§ Task to carry out:
Output the data below exactly, images excluded.

——

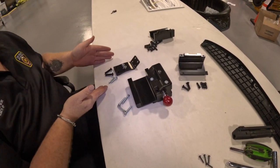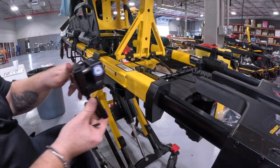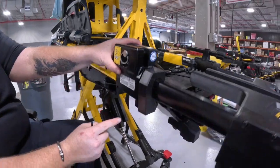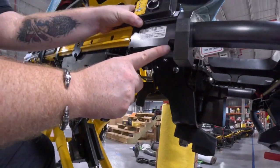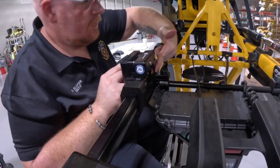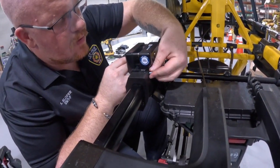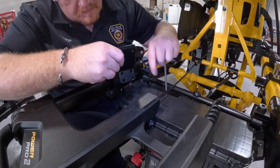Take the clamp block and place it where the plate came off the side rail. To mount this plate, use the 1-1/4 inch screws — two on the bottom outside and two on the top inside of the rail. Make sure you use blue Loctite on these.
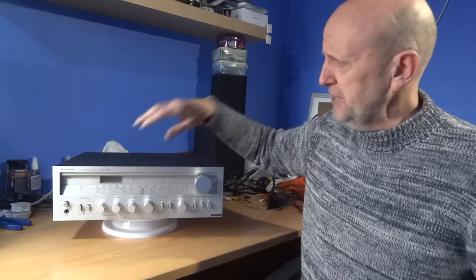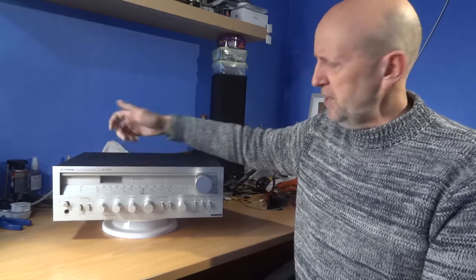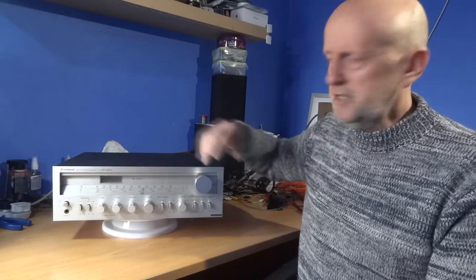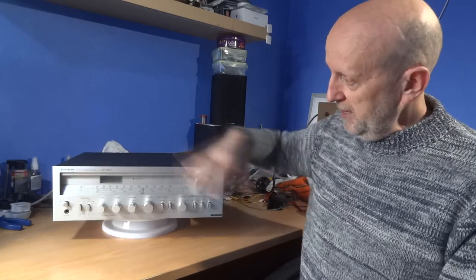On eBay you're probably going to pay around 40 to 50 pounds for one of these, depending on condition. This one is in nice shape — a few slight marks on the top, but the fascia and everything else is really nice.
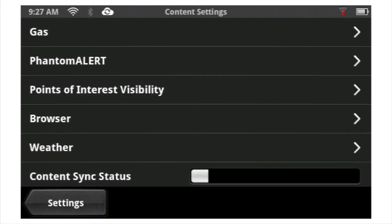To stay up to date with the latest gas prices, Yelp, and Foursquare reviews, make sure you sync your device regularly.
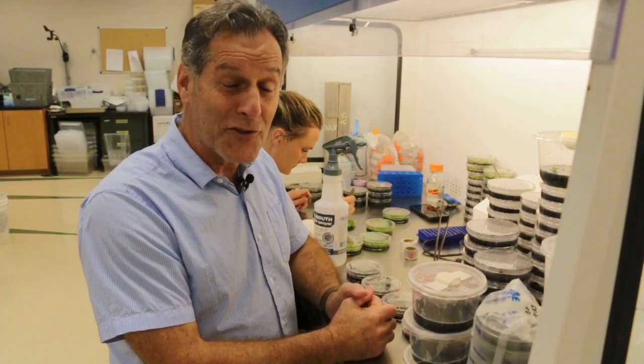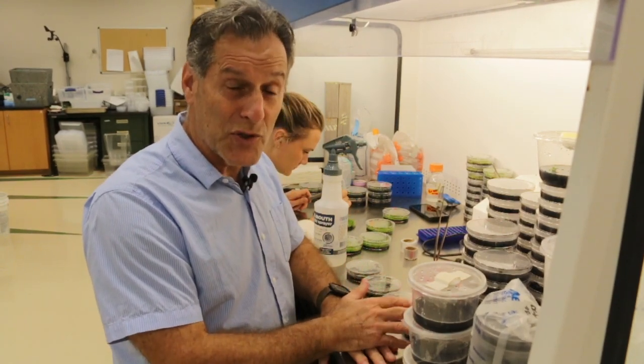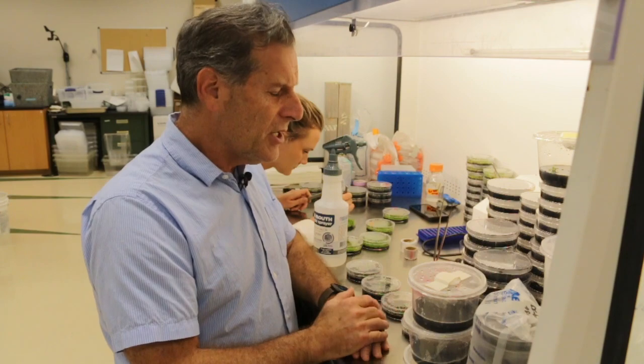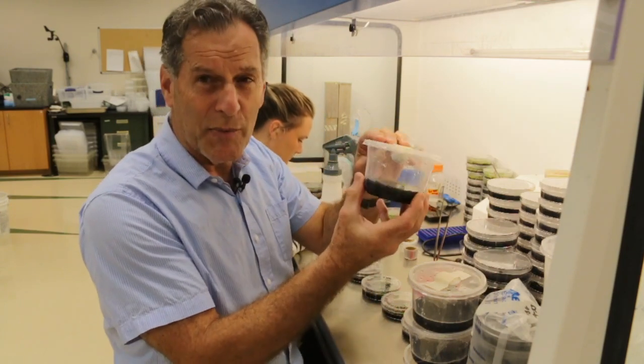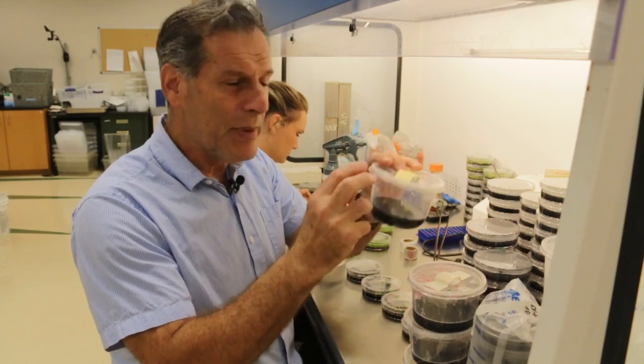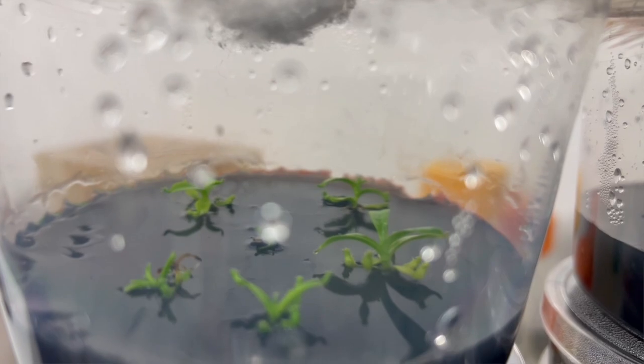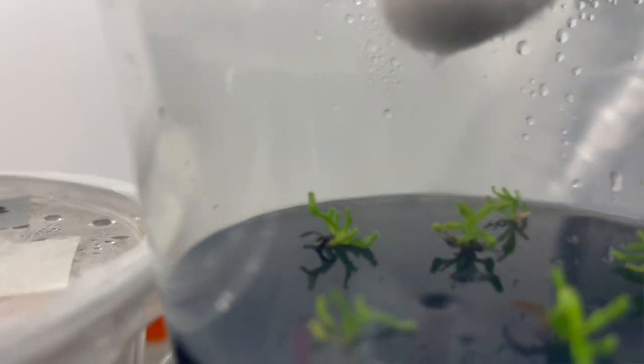All I'm going to do is transfer to the next medium. The seed germination medium for orchids is a really low salt formulation, and then I'm going to transfer to the replate medium that has a little bit higher salt concentrations and see how they go. This is Nepenthes, a tropical pitcher plant, and you can barely see the traps on these small seedlings.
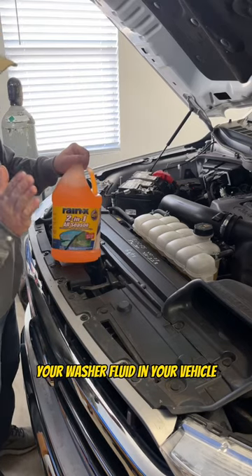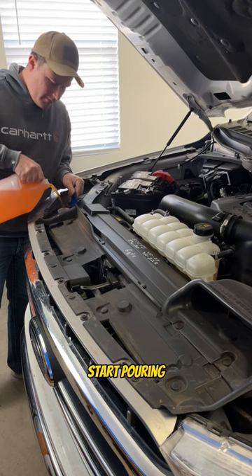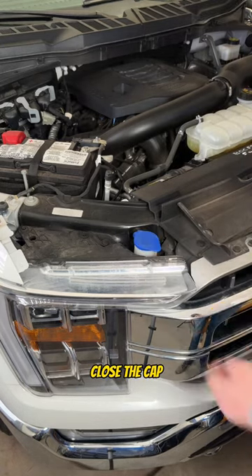Don't forget to top off your washer fluid in your vehicle. Super simple — just pop the cap, start pouring. Fill it to about an inch from the very top, then close the cap.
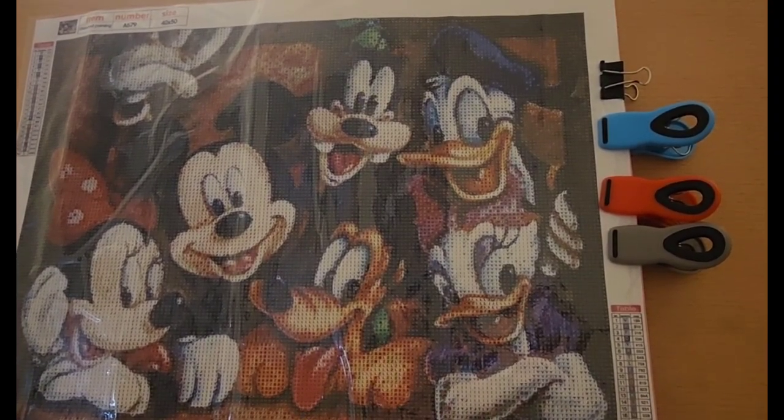Hi, my friends. This is Cori. Welcome to the Diamond Painting Effect with Cori.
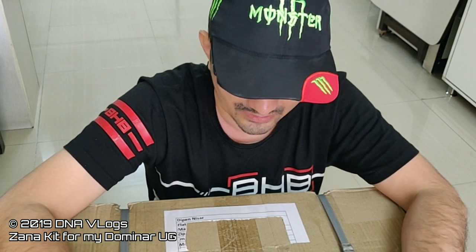So I'm back now with a little haul. There's stuff from Zana International Delhi — they've sent accessories for my UG Dominar. The Dominar is going to be on display at the Zana stall at IBW 2019 this year. If you're planning to come to IBW, you'll be able to meet me and see my bike with all the mods I've done.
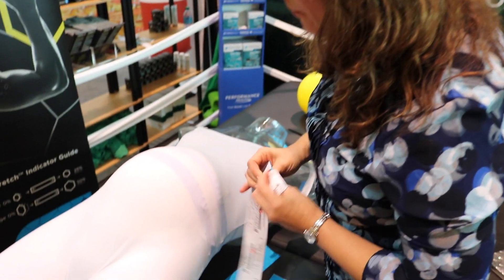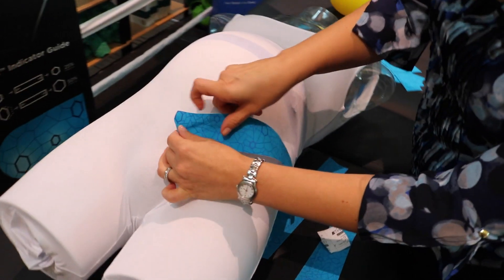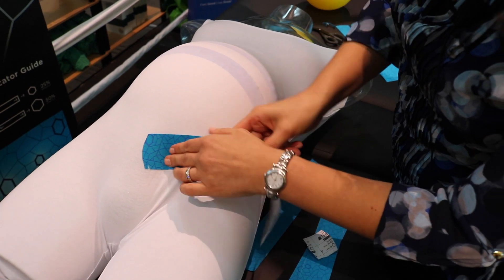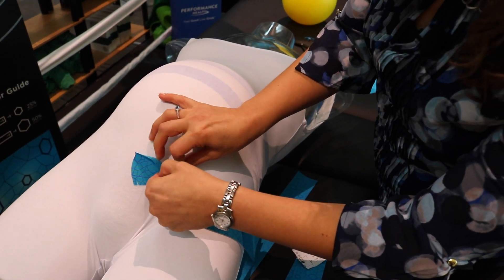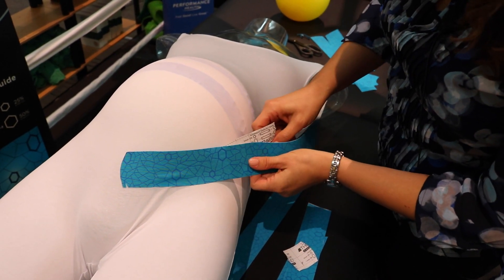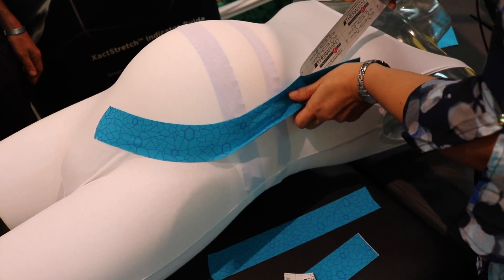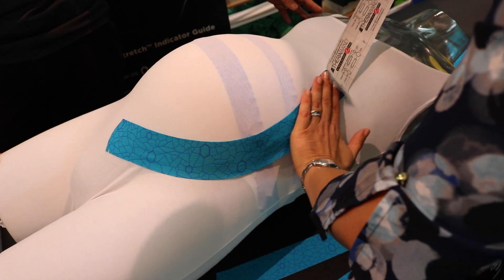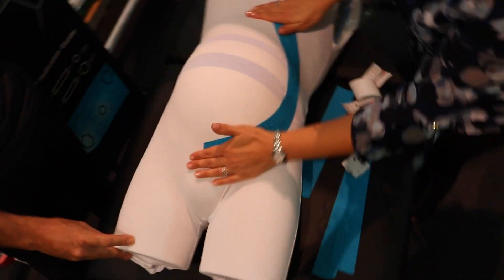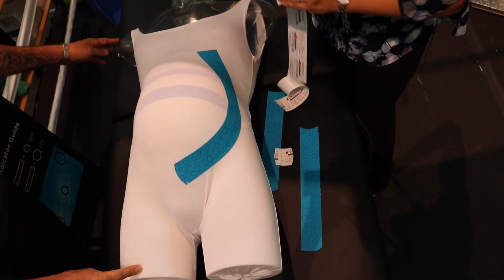Pretending this is our pubic symphysis, we start with our anchor. As we get ready to tape and lay down, we activate the tape — so that's our first strip. The next strip we're going to do the same thing on the opposite side.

——

§ Completed task:
Take the clamp block and place it where the plate came off the side rail. To mount this plate, use the 1-1/4 inch screws — two on the bottom outside and two on the top inside of the rail. Make sure you use blue Loctite on these.
On eBay you're probably going to pay around 40 to 50 pounds for one of these, depending on condition. This one is in nice shape — a few slight marks on the top, but the fascia and everything else is really nice.
To stay up to date with the latest gas prices, Yelp, and Foursquare reviews, make sure you sync your device regularly.
All I'm going to do is transfer to the next medium. The seed germination medium for orchids is a really low salt formulation, and then I'm going to transfer to the replate medium that has a little bit higher salt concentrations and see how they go. This is Nepenthes, a tropical pitcher plant, and you can barely see the traps on these small seedlings.
Don't forget to top off your washer fluid in your vehicle. Super simple — just pop the cap, start pouring. Fill it to about an inch from the very top, then close the cap.
Hi, my friends. This is Cori. Welcome to the Diamond Painting Effect with Cori.
So I'm back now with a little haul. There's stuff from Zana International Delhi — they've sent accessories for my UG Dominar. The Dominar is going to be on display at the Zana stall at IBW 2019 this year. If you're planning to come to IBW, you'll be able to meet me and see my bike with all the mods I've done.
Pretending this is our pubic symphysis, we start with our anchor. As we get ready to tape and lay down, we activate the tape — so that's our first strip. The next strip we're going to do the same thing on the opposite side.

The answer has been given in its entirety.